Amazon 4 min read

Amazon’s layoffs are staggering. We’ve seen this before

Source: CNN:::
M. Scott Brauer/Bloomberg/Getty Images
M. Scott Brauer/Bloomberg/Getty Images

Big Tech continues to wrestle with mass layoffs, most recently with Amazon’s announcement to slash 16,000 jobs. It’s a trend that started long before the AI race: organizational change brought by the arrival of new technology.

Tech giants flourish or falter based on their decisions to overhaul themselves, often leaving tens of thousands of workers to pay the price. The 1990s and 2000s saw a wave of layoffs from industry stalwarts like IBM, Hewlett Packard and Microsoft, which embraced technological advancements like personal computers, mobile devices and the cloud.

Amazon’s staggering jobs cuts this week, the second wave since October, brings the commerce giant’s recent layoffs to roughly 9% of its corporate workforce.

While Amazon’s layoffs aren’t a direct result of AI, they’re tangentially related. Advancements in AI have sparked widespread concern about the future of jobs, as fellow tech giants Microsoft, Meta and Verizon all made layoffs last year.

AI is the “most transformative technology we’ve seen since the internet,” Beth Galetti, senior vice president of people experience and technology at Amazon, said when announcing layoffs in October. She added that the company needs “fewer layers” to “move as quickly as possible.”

In her memo explaining the new round of layoffs, Galetti wrote that Amazon aims to “strengthen” the organization by “reducing layers, increasing ownership, and removing bureaucracy.”

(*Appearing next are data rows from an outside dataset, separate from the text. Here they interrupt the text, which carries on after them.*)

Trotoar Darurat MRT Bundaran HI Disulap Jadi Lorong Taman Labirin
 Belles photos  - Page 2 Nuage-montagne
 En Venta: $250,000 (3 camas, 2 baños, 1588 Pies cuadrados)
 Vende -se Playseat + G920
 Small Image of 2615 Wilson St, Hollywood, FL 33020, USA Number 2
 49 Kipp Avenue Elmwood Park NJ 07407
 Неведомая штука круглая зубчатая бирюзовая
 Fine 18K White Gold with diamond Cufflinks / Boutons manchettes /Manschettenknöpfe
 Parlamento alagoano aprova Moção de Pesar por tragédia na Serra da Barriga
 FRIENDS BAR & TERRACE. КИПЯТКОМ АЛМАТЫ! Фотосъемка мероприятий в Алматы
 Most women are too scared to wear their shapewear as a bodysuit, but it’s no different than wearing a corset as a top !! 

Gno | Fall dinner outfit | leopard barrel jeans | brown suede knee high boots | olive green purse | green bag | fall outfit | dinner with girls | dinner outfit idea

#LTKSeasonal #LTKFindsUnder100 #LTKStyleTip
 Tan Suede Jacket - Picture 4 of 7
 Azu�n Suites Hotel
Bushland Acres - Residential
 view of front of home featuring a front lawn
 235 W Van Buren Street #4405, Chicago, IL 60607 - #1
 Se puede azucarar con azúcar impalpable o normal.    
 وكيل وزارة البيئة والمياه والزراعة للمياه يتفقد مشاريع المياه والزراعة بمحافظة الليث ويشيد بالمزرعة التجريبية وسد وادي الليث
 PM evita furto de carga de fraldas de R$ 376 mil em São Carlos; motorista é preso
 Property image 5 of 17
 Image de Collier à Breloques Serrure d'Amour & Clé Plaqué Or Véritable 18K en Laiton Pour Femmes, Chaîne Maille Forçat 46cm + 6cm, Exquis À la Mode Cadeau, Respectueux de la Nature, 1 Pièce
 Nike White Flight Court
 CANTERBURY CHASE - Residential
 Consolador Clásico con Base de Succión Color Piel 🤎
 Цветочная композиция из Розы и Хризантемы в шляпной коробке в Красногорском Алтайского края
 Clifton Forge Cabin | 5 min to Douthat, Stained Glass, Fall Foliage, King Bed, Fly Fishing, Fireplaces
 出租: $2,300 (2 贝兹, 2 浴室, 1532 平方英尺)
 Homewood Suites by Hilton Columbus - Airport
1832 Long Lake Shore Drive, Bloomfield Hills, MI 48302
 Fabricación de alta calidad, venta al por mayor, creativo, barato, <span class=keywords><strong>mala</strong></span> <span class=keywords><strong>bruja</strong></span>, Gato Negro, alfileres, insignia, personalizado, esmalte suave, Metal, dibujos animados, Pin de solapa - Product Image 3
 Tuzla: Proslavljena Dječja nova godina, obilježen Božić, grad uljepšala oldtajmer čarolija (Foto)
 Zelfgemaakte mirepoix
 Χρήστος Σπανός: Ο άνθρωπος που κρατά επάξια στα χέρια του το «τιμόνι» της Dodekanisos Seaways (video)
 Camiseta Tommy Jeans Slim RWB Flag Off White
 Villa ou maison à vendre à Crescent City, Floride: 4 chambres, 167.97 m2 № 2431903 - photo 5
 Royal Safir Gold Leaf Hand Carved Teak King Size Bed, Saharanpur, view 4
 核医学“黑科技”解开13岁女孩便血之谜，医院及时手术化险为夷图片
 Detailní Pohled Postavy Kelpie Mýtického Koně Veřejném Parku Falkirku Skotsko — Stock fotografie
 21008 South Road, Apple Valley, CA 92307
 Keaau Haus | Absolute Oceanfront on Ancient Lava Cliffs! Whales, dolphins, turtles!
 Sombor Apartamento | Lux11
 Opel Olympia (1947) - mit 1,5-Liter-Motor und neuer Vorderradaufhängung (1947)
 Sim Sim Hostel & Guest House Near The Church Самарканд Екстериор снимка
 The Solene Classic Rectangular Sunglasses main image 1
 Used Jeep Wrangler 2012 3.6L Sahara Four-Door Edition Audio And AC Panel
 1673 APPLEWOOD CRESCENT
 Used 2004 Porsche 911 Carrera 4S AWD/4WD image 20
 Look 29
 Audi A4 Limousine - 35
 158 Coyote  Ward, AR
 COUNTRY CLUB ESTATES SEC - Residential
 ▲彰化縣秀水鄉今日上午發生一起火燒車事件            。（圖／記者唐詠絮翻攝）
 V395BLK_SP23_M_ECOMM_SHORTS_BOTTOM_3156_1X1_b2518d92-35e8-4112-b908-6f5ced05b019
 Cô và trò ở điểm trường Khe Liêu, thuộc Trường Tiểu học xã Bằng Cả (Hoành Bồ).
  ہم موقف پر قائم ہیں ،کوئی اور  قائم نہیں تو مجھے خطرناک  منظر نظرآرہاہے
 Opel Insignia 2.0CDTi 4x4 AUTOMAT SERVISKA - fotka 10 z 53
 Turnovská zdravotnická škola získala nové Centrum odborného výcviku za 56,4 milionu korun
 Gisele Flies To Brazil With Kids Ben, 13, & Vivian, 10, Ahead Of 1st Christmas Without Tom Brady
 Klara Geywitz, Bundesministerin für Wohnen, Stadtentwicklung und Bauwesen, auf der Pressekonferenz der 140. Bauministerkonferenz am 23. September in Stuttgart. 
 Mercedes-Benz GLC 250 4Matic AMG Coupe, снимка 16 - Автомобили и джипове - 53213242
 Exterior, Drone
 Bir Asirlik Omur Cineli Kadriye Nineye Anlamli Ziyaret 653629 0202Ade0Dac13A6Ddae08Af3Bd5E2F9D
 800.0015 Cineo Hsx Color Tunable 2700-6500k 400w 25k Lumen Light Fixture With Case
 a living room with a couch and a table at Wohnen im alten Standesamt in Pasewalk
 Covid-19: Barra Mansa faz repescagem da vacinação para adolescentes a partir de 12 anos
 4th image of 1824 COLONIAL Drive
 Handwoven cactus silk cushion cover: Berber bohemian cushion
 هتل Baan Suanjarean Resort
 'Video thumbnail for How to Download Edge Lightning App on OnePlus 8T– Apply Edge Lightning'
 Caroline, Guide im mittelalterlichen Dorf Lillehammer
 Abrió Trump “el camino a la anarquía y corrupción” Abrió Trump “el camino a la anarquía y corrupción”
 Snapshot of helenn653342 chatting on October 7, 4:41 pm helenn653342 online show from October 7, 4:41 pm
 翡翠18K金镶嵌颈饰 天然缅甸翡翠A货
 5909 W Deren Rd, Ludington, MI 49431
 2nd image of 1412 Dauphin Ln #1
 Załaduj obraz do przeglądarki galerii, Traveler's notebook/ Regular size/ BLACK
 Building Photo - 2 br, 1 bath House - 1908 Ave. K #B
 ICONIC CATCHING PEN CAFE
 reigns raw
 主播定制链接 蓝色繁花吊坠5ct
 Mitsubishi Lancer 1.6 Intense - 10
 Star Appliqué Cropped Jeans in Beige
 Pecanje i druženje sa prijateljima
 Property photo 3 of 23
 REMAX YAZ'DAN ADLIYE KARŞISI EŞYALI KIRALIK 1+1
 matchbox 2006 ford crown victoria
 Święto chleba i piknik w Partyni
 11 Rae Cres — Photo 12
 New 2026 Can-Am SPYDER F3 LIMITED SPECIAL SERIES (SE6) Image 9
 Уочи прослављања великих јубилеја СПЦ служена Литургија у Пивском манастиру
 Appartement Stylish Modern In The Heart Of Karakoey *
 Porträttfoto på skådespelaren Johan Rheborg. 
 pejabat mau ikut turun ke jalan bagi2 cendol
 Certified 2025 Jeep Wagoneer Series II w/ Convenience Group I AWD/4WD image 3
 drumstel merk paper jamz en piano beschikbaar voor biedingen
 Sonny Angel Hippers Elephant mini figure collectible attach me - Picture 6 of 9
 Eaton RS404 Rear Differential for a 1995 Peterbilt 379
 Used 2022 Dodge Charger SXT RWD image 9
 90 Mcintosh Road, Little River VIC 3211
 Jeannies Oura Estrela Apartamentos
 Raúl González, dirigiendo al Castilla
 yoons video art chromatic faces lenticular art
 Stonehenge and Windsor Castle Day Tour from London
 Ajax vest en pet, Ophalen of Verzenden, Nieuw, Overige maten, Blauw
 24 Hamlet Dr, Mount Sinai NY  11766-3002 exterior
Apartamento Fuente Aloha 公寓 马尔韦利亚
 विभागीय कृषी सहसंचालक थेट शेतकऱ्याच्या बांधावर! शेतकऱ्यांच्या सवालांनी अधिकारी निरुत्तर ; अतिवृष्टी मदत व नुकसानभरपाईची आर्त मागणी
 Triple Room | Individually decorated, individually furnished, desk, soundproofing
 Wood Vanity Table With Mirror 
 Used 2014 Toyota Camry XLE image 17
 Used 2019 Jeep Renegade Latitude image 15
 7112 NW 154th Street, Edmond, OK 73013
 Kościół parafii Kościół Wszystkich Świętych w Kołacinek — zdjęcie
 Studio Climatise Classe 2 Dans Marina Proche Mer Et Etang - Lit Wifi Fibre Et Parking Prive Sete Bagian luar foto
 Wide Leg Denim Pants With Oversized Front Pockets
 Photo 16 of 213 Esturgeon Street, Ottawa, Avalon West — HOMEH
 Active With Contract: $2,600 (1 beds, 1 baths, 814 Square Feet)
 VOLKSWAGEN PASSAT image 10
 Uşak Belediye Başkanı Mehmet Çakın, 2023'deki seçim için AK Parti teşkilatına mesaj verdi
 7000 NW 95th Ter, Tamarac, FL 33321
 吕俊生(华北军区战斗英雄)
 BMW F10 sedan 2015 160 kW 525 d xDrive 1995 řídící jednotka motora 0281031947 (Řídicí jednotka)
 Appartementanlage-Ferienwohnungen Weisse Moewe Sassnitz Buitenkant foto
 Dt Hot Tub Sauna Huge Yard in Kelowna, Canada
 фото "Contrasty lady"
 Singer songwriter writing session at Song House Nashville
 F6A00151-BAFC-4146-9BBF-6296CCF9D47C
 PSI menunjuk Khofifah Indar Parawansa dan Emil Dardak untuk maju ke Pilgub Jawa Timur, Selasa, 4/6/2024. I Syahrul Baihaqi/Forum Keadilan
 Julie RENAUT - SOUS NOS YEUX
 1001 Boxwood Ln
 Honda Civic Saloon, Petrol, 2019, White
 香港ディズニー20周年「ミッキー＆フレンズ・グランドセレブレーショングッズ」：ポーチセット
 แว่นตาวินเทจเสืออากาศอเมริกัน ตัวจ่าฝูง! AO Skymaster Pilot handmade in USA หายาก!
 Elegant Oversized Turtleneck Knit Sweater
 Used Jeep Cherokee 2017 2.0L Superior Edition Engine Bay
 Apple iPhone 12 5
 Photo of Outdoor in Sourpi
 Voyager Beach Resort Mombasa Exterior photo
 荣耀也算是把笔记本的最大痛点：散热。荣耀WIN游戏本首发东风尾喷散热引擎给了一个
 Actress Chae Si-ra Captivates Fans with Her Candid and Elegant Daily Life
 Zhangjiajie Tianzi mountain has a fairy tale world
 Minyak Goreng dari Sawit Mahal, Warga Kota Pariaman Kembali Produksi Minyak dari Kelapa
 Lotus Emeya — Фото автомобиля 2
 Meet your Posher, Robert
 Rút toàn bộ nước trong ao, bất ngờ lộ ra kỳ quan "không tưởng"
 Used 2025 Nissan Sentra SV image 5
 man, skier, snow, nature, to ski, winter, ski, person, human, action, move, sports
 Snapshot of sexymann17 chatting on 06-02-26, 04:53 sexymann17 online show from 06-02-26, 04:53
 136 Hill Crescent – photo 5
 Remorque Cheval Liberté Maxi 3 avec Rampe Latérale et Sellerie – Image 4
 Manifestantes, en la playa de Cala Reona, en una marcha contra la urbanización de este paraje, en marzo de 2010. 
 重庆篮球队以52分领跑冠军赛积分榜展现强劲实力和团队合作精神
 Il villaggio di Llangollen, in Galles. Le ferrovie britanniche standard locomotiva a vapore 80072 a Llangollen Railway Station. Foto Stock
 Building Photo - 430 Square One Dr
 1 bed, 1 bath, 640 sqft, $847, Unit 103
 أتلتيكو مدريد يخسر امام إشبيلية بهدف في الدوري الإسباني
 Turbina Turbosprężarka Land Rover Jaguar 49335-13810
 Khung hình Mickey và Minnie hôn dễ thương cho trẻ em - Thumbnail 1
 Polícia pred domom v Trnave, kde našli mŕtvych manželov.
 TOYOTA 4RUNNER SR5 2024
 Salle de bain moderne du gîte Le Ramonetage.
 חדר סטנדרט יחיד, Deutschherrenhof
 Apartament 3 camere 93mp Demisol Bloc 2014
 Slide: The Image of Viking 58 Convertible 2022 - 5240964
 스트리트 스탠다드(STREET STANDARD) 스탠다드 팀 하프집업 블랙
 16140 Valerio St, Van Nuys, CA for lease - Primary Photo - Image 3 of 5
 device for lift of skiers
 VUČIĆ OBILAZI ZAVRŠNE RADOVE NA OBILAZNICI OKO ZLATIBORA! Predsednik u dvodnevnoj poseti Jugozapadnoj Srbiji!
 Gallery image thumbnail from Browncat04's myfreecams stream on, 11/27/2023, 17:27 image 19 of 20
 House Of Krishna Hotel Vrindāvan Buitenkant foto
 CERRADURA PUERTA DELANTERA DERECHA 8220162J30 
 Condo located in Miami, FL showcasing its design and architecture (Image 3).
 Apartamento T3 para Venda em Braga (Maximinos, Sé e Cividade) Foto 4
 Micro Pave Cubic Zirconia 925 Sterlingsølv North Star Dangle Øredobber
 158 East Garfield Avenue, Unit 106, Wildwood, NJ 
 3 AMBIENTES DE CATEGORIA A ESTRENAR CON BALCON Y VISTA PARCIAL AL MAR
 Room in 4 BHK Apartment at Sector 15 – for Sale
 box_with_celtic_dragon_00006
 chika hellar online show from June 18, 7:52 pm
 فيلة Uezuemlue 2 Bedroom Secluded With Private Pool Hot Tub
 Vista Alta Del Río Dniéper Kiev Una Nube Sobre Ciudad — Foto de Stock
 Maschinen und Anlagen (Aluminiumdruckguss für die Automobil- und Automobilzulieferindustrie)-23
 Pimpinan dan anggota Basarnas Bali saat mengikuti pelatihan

Were you impacted by tech layoffs?

The technology industry has gone through a staggering wave of layoffs throughout 2025 amid growing concerns about the role AI will play in the future of work. If you’ve been laid off by a major tech company recently, we’d like to hear from you. How are you thinking about your career moving forward? Has this changed your outlook on pursuing a career in technology?

Companies are likely shifting resources to areas like data, automation and analytics amid the AI race, according to Zeki Pagda, an assistant professor at Rutgers Business School.

“Amazon cannot easily retrain a workforce built for manual logistics or legacy retail systems into one that builds generative AI agents,” Pagda said in an email to CNN.

Amazon pointed CNN to Galetti’s memo when asked for comment. The company also said AI isn’t the reason behind the vast majority of the cuts, and that it will continue hiring in other areas. Galetti also wrote that “broad reductions every few months” are not part of Amazon’s plan.

New technology can bring new business priorities

IBM is one of the most prominent examples of mass layoffs in response to new technology. The company laid off 50,000 people in 1993, when chip technology evolved and the tech industry moved away from large mainframe computers. Dealing with competition from smaller personal computers, IBM’s business model began turning to services and software instead.

“IBM’s challenge is not just to shrink in size but also to remake itself completely into a nimbler and more market-oriented player,” Time magazine correspondent Thomas McCarroll wrote in 1992.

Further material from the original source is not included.